MUMCU CİNAYETİ SİYASİ BİR CİNAYETTİR
Mumcu cinayetinin cumhuriyet tarihinde işlenmiş cinayetler içinde belki de en çok yürek yakan cinayetlerden biri olduğunu belirten Arapkirli sözlerine şöyle devam etti: “Mumcu’nun öldürülmesi sadece bir insanın öldürülmesi yani düz bir cinayet sayılmadı. Hiçbir zaman öyle saymadık. Bir siyasi cinayettir kuşkusuz çünkü siyasi bir kimliği, kişiliği ve Türkiye’nin siyasetine tarihine dair çok önemli izler bırakan bir şahsiyeti kaybetmiş olduk. Mumcu’nun öldürülmesi aynı zamanda menfur bir gazeteci cinayetiydi. O güne kadar işlenmiş pek çok gazeteci cinayeti vardı. Cumhuriyetin tarihinde bu topraklarda fikirlerinden, yazılarından, savunduklarından dolayı öldürülmüş çok sayıda gazeteci vardı ama Mumcu’nun öldürülmesi bambaşka bir anlam daha içeriyor, çünkü Mumcu’nun katili kim sorusu sorulduğunda ve bu soruşturma sürecinde hep okuduğumuz, yaptığımız haberlerde katilin aslında birbirinden çok farklı odaklar olabileceğini tartıştık.
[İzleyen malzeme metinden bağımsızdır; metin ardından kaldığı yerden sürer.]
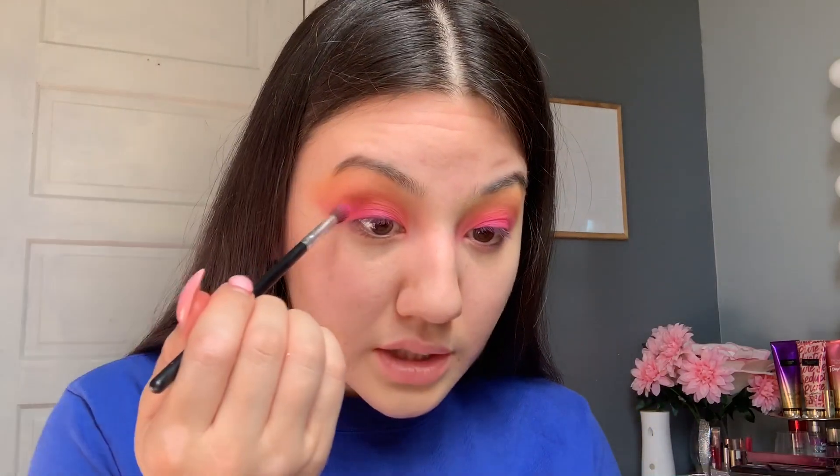This is like a neon ombre color. Now I'm going to be using the sugar lip scrub just to soften my lips. I also like to use Huggies wipes — I love those wipes for makeup. I recommend these wipes to remove makeup or anything; they work really well.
Bu da tabii milyonlarca insanın çok sevdiği, çok güvendiği bir insanın çok sayıda düşmanı olabileceğini gösteriyor. Ama o düşmanların ortak bir özelliği var. O düşmanlar hep rahmetli Uğur Ağabey’in tekerine çomak soktuğu suç örgütleri, şer odakları, toplum düşmanı, insanlık düşmanı ama en önemlisi de Cumhuriyet düşmanı olmalarıdır. Mumcu’nun yazılarında ve konuşmalarında sıkça kullandığı bir ifade vardı. Ben bir Kuvayı Milliyeci’yim derdi. Bu toprakları, cumhuriyeti, bu toprakların insanını seven, onların sorunlarını kendine dert edinen ve bu ülkenin sorunlarını çözmek üzere yol gösterici çaba içinde olan bir aydın, hukukçu, gazeteciydi.”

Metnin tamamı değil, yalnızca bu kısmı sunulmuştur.